AIM OF THE TASK: When the line with "Departamento en barrio residencial" comes up, set it down and every later line to the end of the data, exactly and without pictures.

DATASET CONTENT:
......

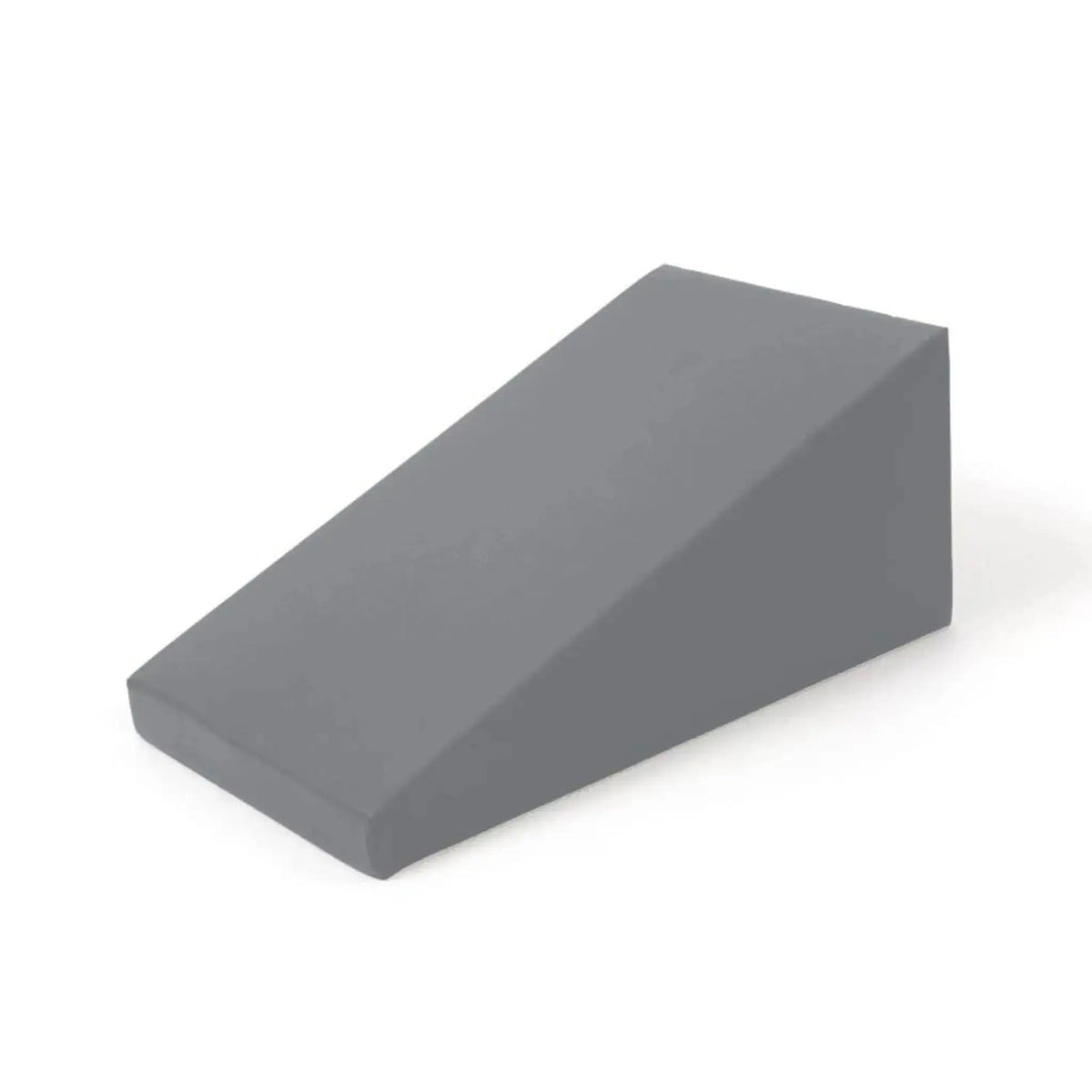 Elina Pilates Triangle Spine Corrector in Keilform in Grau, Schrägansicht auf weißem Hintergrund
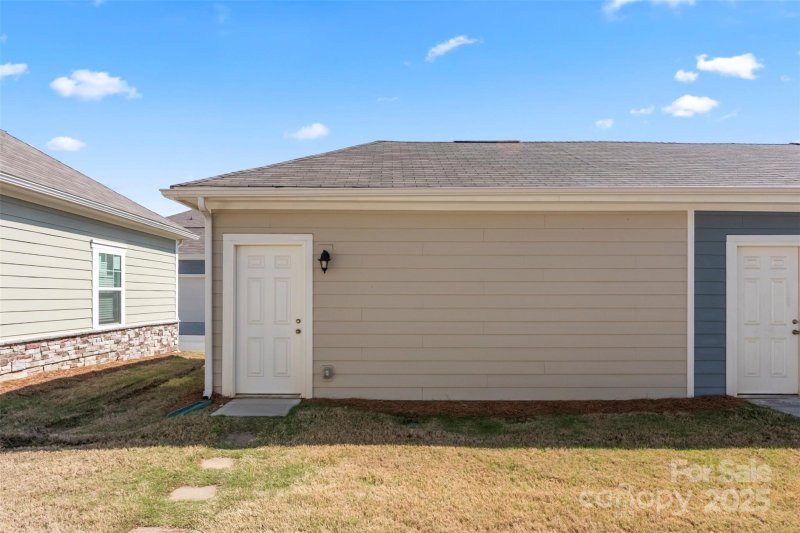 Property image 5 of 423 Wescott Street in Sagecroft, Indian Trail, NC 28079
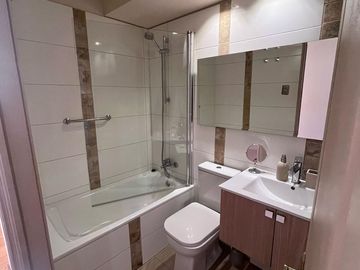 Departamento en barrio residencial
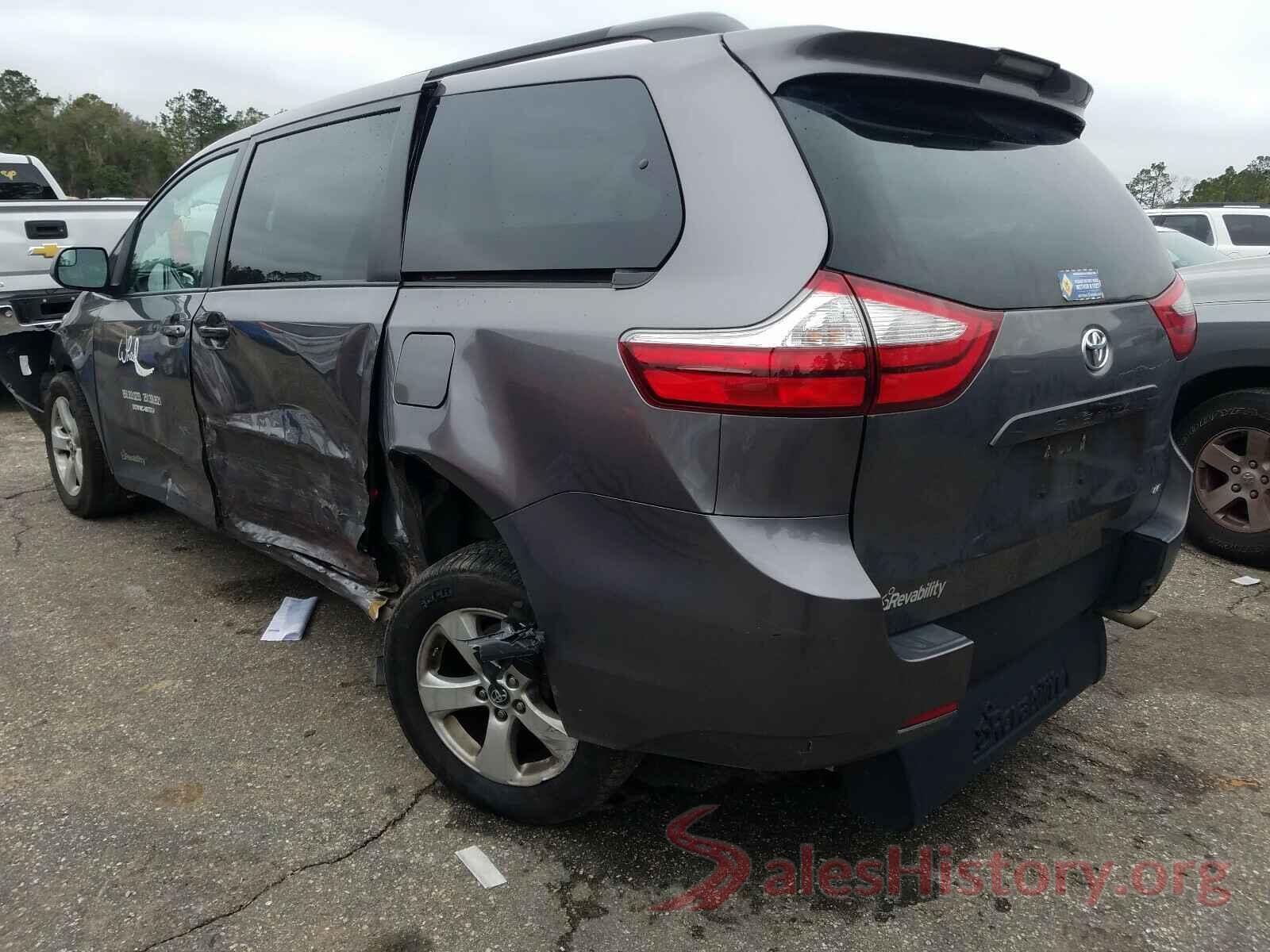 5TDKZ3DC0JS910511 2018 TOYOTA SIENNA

......

OUTPUT OF THE EXERCISE:
 Departamento en barrio residencial
 5TDKZ3DC0JS910511 2018 TOYOTA SIENNA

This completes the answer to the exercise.